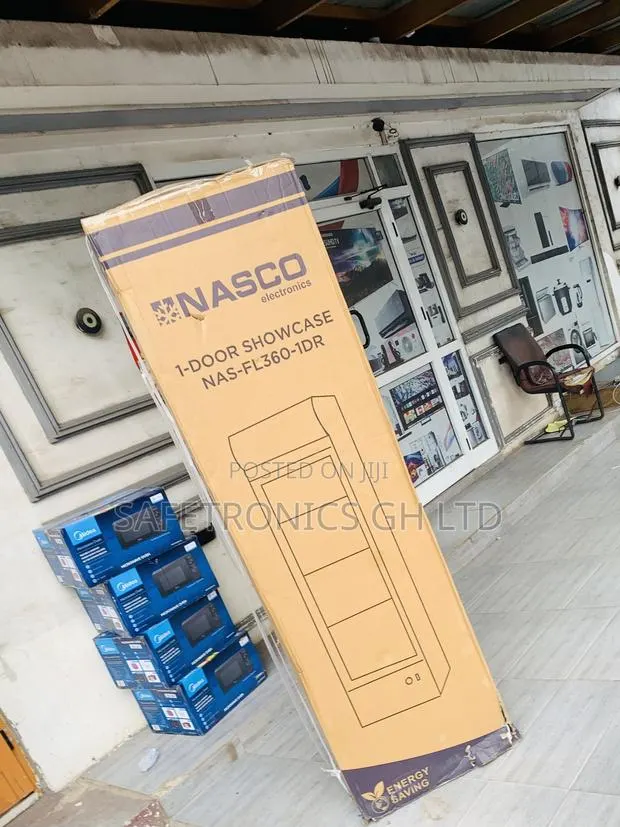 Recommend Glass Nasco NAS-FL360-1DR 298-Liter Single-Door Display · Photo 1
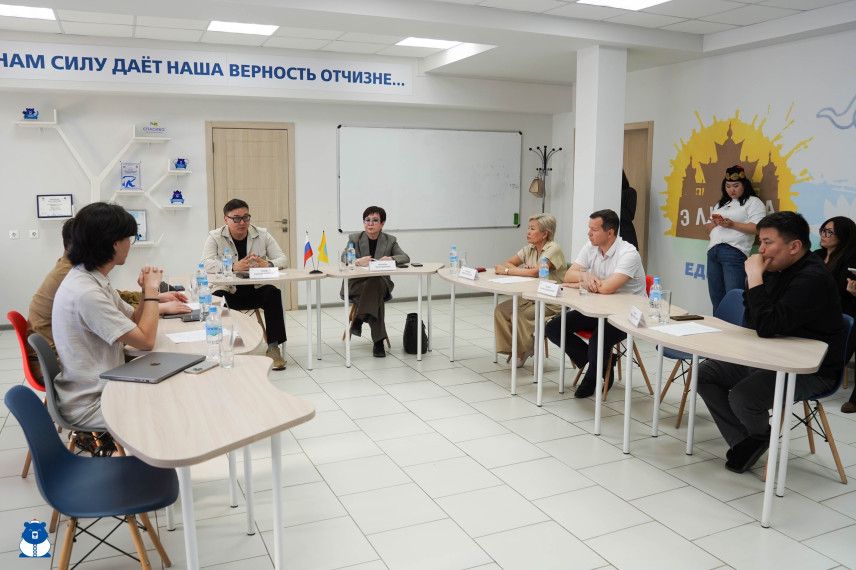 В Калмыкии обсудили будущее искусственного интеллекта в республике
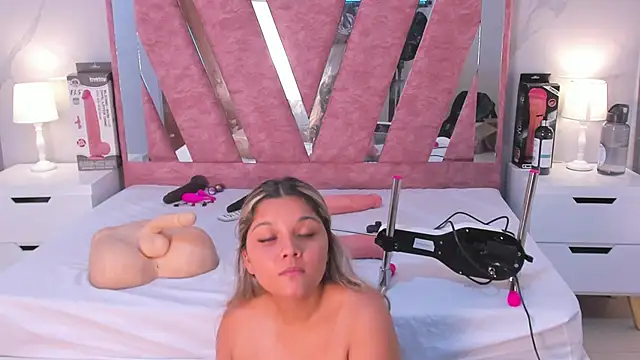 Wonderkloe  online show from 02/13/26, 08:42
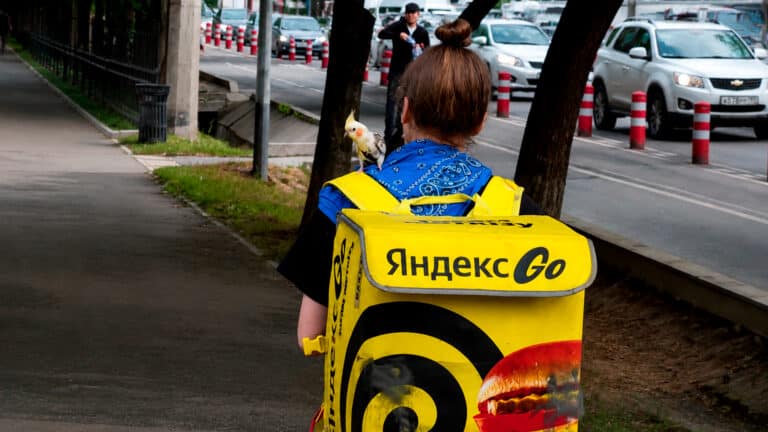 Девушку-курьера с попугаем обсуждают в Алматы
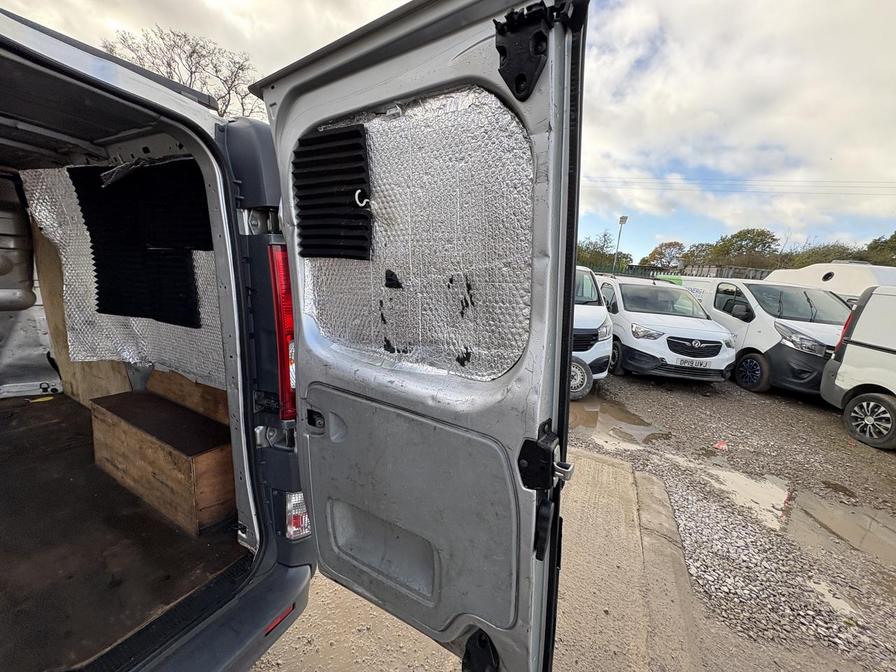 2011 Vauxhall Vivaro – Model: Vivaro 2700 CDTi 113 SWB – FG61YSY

########################################

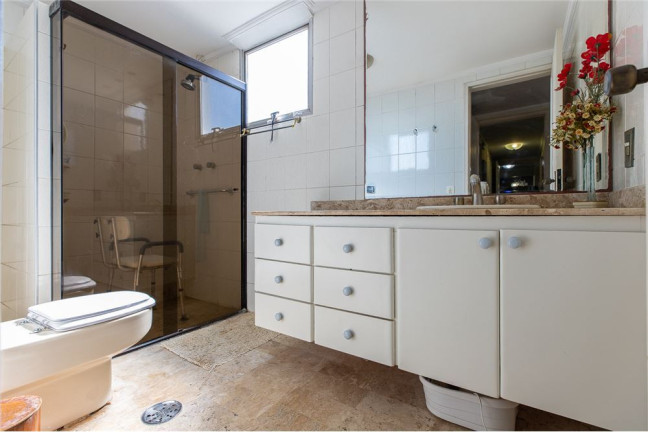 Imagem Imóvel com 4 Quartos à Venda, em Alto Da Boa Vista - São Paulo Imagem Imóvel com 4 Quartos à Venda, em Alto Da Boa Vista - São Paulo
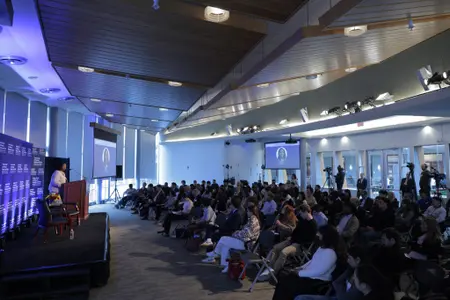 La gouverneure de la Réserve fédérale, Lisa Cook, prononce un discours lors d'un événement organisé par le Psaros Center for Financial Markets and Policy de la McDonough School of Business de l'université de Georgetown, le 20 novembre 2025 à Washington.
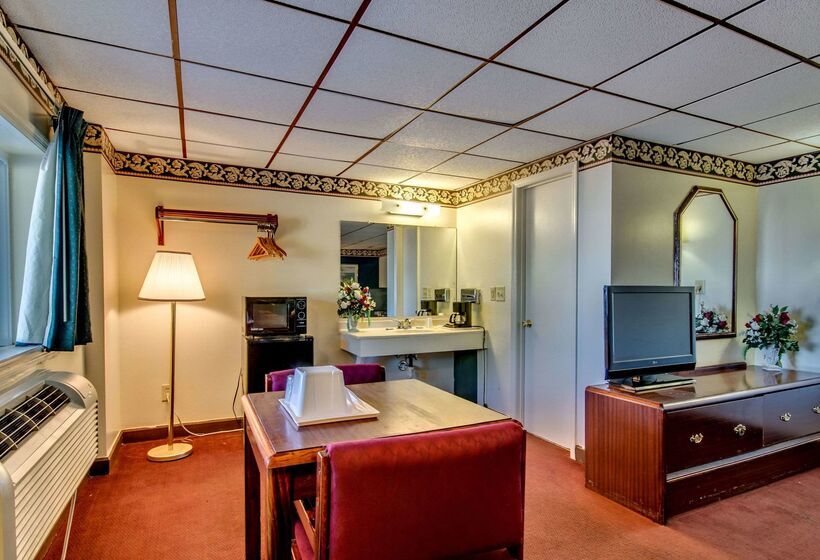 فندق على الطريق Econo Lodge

########################################

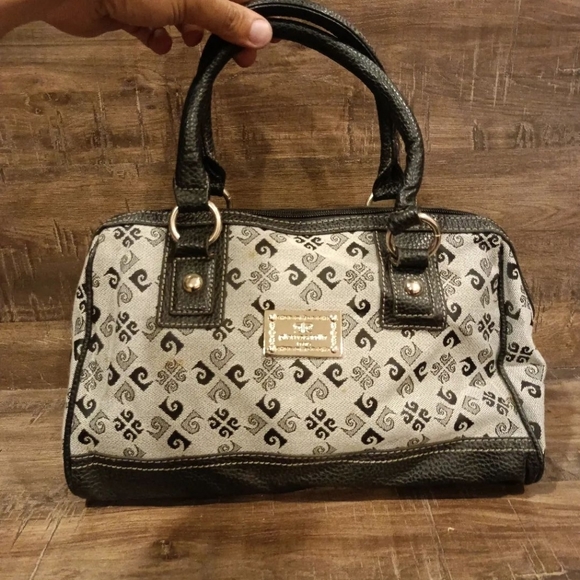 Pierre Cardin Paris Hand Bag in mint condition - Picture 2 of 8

########################################

Work to be completed: Starting at the line containing "La gouverneure de" and stopping at the line containing "فندق على الطريق Econo Lodge", output each line exactly as it appears above. Leave out the pictures.

Solved exercise:
 La gouverneure de la Réserve fédérale, Lisa Cook, prononce un discours lors d'un événement organisé par le Psaros Center for Financial Markets and Policy de la McDonough School of Business de l'université de Georgetown, le 20 novembre 2025 à Washington.
 فندق على الطريق Econo Lodge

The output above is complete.